By Jonathan Landay, Joseph Ax and Bozorgmehr Sharafedin
WASHINGTON/NEW YORK/LONDON (Reuters) – A day after U.S. President Donald Trump pulled out of the Iran nuclear deal, several families of American prisoners held in the Islamic Republic urged the White House to start humanitarian talks with Tehran to win their release.
The families made the appeal as U.S. Secretary of State Mike Pompeo was returning home on Wednesday with three Americans freed from imprisonment by North Korea, with whom Washington is hoping to pursue denuclearization talks.
Already tense relations between Washington and Tehran hit a new low with Trump extracting the United States from the 2015 international nuclear accord, making it unlikely either country would be in a mood to engage in any talks soon.
The White House did not immediately respond when asked by Reuters if the administration was open to holding talks with Iran on the prisoners.
The Trump administration has repeatedly demanded their release.
Two are dual Iranian-U.S. nationals 81-year-old Baquer Namazi and one of his sons, Siamak Namazi, 46, who were sentenced to 10 years in prison in October 2016 on charges of spying and collaborating with the United States.
“The situation of my family obviously has to remain as a separate humanitarian issue and it should be disconnected from all the difficulties that the two countries are facing,” said Babak Namazi of his father and brother after delivering that message to two senior administration officials at a White House meeting.
Babak and Jared Genser, a Namazi family attorney, said they urged the officials to open a private dialogue with Iran.
Given the release of the Americans by North Korea, Genser added, “our view is that it should be a lot easier … to get American hostages out of Iran as compared to American hostages out of North Korea.”
Wendy Sherman, who led the U.S. negotiating team in talks that culminated in the nuclear accord during the Obama administration, expressed concern that Trump’s “reckless action” likely means “that it will be even longer before Americans detained and missing in Iran come home.”
At least seven American citizens or permanent residents have been arrested in Iran since 2016, their lawyers or relatives have told media, of whom one has been freed on bail.
Iranian authorities previously have denied holding detainees for ransom and accuse Western governments of holding Iranians on trumped-up charges.
Kazem Gharibabadi, deputy head of Iran’s Council for Human Rights, part of the judiciary, has said more than 56 Iranians are imprisoned in the United States and an unspecified number in other countries.
Hua Qu said her imprisoned husband, U.S. citizen Xiyue Wang, had become a “political pawn and a victim of this deteriorating relationship.”
His case, she said, will hopefully receive more attention from U.S. officials, who previously raised it with their Iranian counterparts at quarterly meetings on the nuclear deal with little progress to show for it.
“To raise it once and wait for three months is too slow,” said Hua, speaking by telephone from her home in Princeton, New Jersey.

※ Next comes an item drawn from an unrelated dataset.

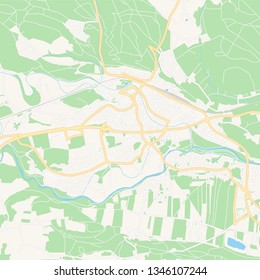 Printable map of Vocklabruck, Austria with main and secondary roads and larger railways. This map is carefully designed for routing and placing individual data.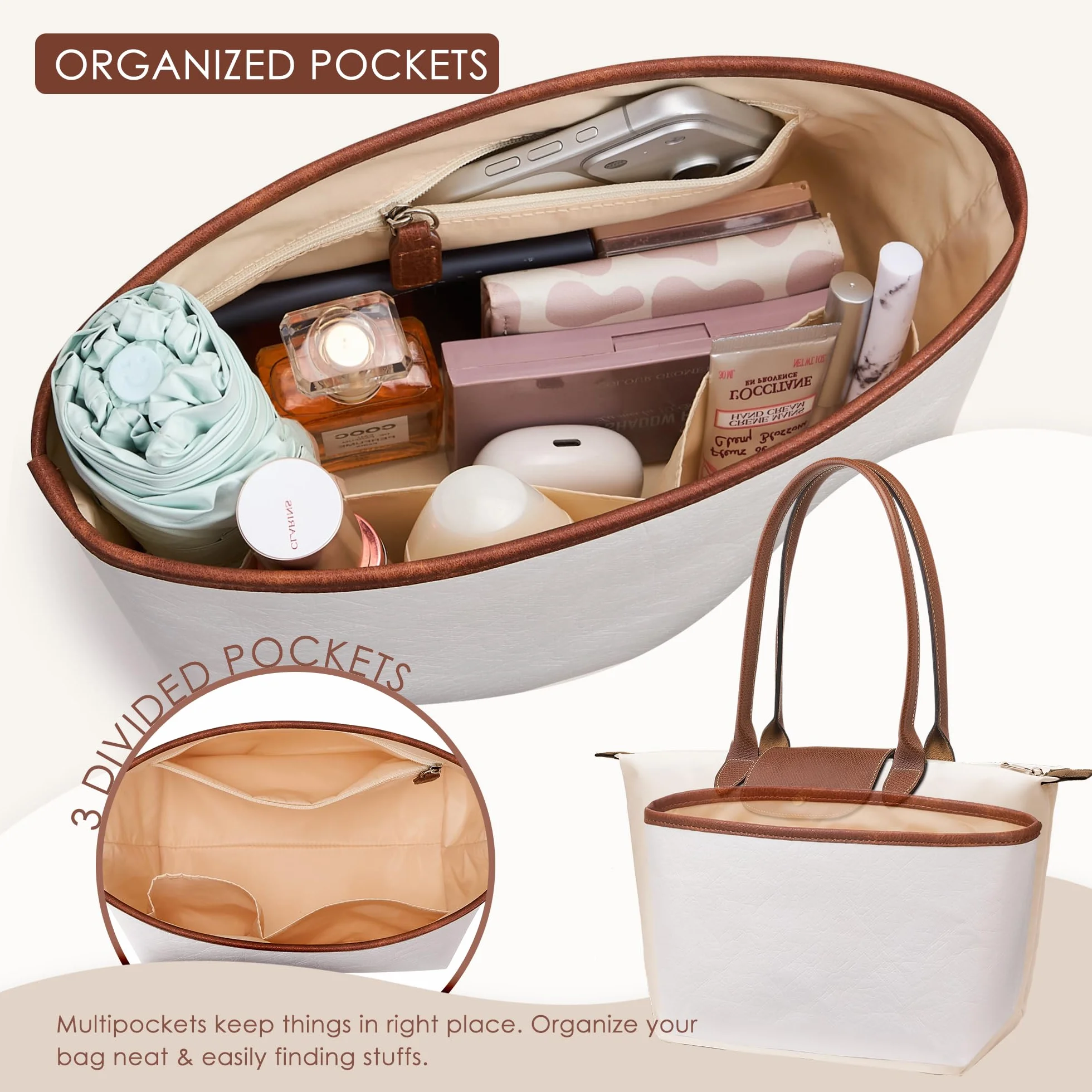 KALIDI Organizador de Bolso Inserto para Longchamp Le Pliage S Xtra, Funda Ultraligera Impermeable con Divisores Internos Mejorada para Bolso de Mano de Mujer, Blanco Pequeño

Echoing Namazi and Genser, she said the administration should pursue a dialogue with Iran solely focused on prisoners.
“This is a humanitarian issue, and there should be a humanitarian solution. I don’t think putting this into a complicated political situation is the solution,” she said.

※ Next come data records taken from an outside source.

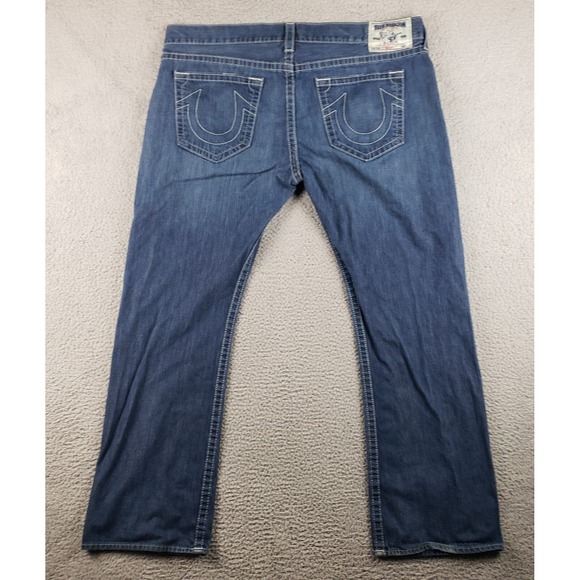 True Religion Jeans Mens 44 (44x33) Blue Denim Straight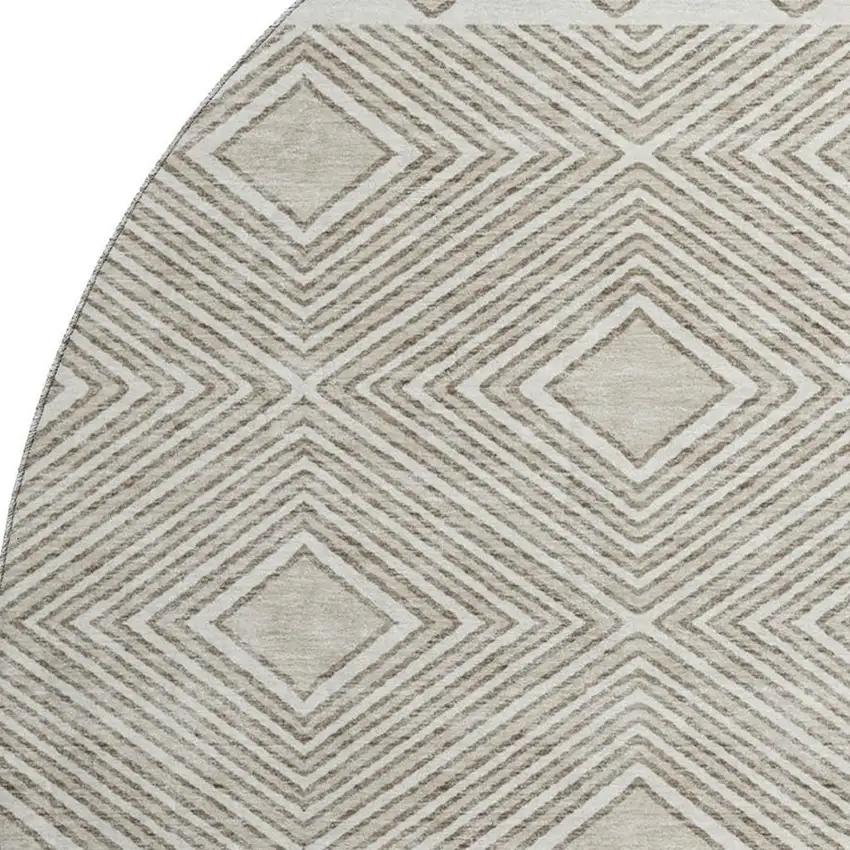 8' Taupe And Beige Geometric Washable Round Rug With UV Protection Photo 3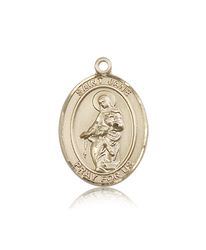 14kt Gold St. Jane of Valois Patron Saint Medal - Large" itemprop="image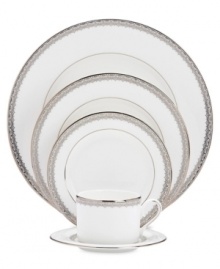 Inspired by the trim on an elegant couture gown, this graceful place settings from Lenox's dinnerware and dishes collection features an intricate platinum border that combines harmoniously with white bone china for unparalleled style. Qualifies for Rebate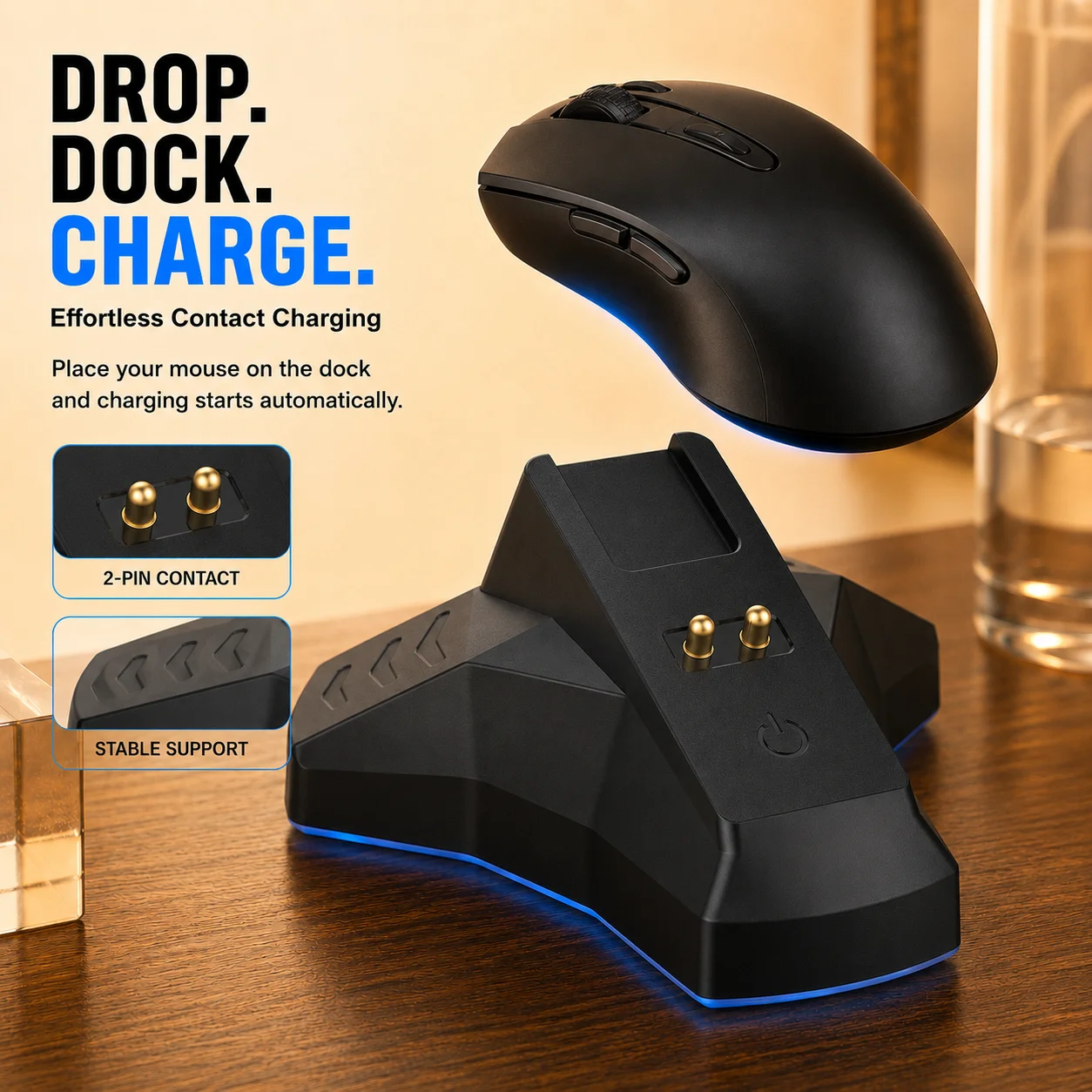 Mouse Dock Charger for Naga Pro/Viper/Basilisk/Razer DeathAdder V2 Pro Wireless Mouse Charging Dock Feet Mouse Charger Base view 4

Xiyue Wang is a Princeton University graduate student who was sentenced to 10 years in prison on spying charges by an Iranian court in July 2017.
A married couple, Karan Vafadari, a U.S. citizen, and Afarin Neyssari, a U.S. permanent resident, were sentenced to 27 years and 16 years of imprisonment respectively, on charges which included espionage, according to the family.

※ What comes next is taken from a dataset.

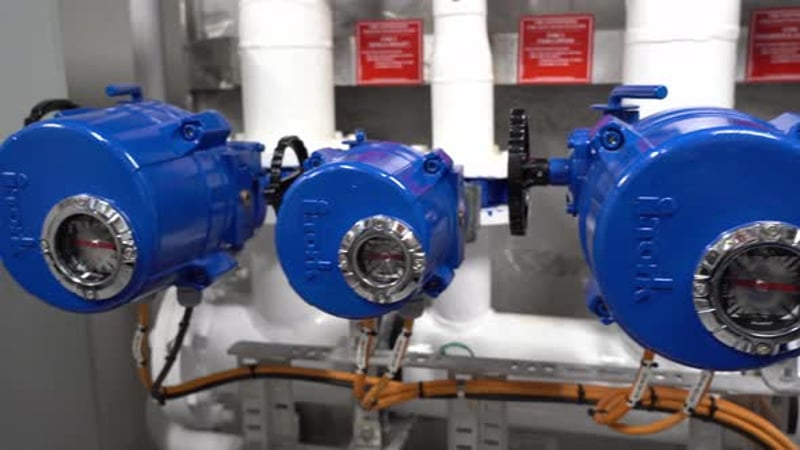 Blue Control Valves on Pipes in an Industrial Setting, Industrial Stock ...
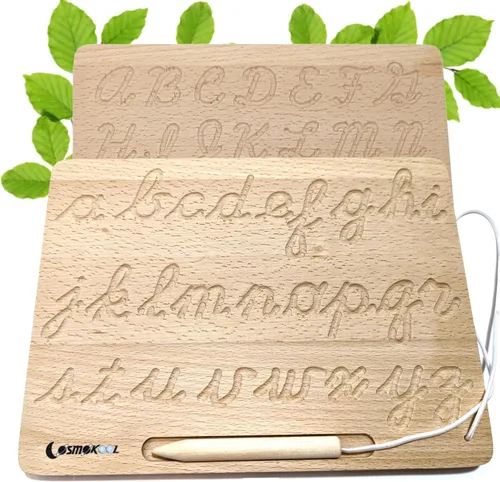 Montessori - Tableros educativos de doble cara con bolígrafo de madera, letras del alfabeto, trazado cursivo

“My brother is still in prison. He was/is never been political. I just hope they don’t use him as a political tool while the too countries are in bad terms,” Vafadari’s Washington-based sister Kateh told Reuters.
As of November 2017, Iran’s Revolutionary Guards had arrested at least 30 dual nationals during the past two years, mostly on spying charges, according to lawyers, diplomats and relatives.
The dual nationals include Nazanin Zaghari-Ratcliffe, a project manager with the Thomson Reuters Foundation, who was arrested in April 2016.
Zaghari-Ratcliffe, a British-Iranian, was convicted of plotting to overthrow Iran’s clerical establishment, a charge strongly denied by her family and the Foundation, a charity organization that is independent of Thomson Reuters and operates independently of Reuters News.